Le cinquième Paris-Dakar promet d’être encore plus dur que les précédents : 12.000km de pistes en 20 jours, à travers 8 pays, sans journée de repos, et une étape marathon de 2.250km en prime. Et pour la première fois, la traversée du terrible désert du Ténéré…


Toyota France via le team Fougerouse/Metal 5, décide d’y engager quatre Toyota FJ 40 pickup (essence). Deux sont-là pour jouer le classement général avec Pierre Fougerouse – Noquet et pour JJ Ratet – Jacquemard , et deux véhicules d’assistance rapide pour Imbert – Beaujean (mécano) et pour votre serviteur et mon ami mécano Philippe Vermeersch. C’est pour moi une grande chance 

de pouvoir participer à mon deuxième Dakar dans une équipe très professionnelle et structurée. Bien sûr, je suis conscient du fait que je n’ai aucun rôle à jouer au classement général, puisque nous sommes les anges gardiens de nos deux équipages de pointe. J’ai en outre un sérieux handicap : il me faudra piloter une voiture très lourde, chargée de pièces de rechange et de matériel divers. Ma mission est claire : je dois m’arrêter en cas de soucis sur les autres voitures de l’équipe, et être tous les soirs à l’étape dans les délais les plus courts possibles !

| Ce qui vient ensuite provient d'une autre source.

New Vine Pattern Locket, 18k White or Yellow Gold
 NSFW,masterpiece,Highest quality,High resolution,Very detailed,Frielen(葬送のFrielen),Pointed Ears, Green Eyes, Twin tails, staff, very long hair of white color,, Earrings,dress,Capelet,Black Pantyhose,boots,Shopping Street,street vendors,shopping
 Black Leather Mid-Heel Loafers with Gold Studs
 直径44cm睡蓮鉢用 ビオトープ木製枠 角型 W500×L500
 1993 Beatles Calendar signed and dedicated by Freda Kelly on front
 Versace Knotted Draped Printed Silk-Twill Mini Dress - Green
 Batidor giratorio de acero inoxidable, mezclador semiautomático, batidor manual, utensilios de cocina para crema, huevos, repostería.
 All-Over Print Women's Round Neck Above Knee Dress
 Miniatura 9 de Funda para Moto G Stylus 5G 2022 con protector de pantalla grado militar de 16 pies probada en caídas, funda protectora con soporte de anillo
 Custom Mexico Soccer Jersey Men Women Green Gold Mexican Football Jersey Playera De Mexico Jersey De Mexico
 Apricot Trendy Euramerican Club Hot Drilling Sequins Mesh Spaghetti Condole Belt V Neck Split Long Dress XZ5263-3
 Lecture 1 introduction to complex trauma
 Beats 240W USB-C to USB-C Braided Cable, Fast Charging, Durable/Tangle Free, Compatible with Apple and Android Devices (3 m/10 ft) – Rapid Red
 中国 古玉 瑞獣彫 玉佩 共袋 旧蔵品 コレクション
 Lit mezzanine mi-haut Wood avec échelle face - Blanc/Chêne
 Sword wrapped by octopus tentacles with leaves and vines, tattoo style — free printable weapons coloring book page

Grâce à l’expérience acquise l’année précédente aux côtés de Vic Elford, je me suis cette fois équipé plus sérieusement, avec un sac de couchage de l’armée américaine, et des vêtements chauds pour le début de course. Mon épouse m’a préparé un sac avec un set d’habits pour chaque jour, emballé hermétiquement pour éviter les infiltrations de sable et de poussière. Cela s’avérera particulièrement utile lors de la traversée du Ténéré, on le verra plus loin ! Je connais également désormais le principe des notes utilisées par Thierry Sabine. J’ai déjà anticipé une partie des difficultés du parcours, via des jeux de cartes IGN. Philippe, mon coéquipier est un garçon charmant et dévoué, mécanicien hors pair, mais il est loin d’être un grand lecteur de notes… Je me méfie donc un peu !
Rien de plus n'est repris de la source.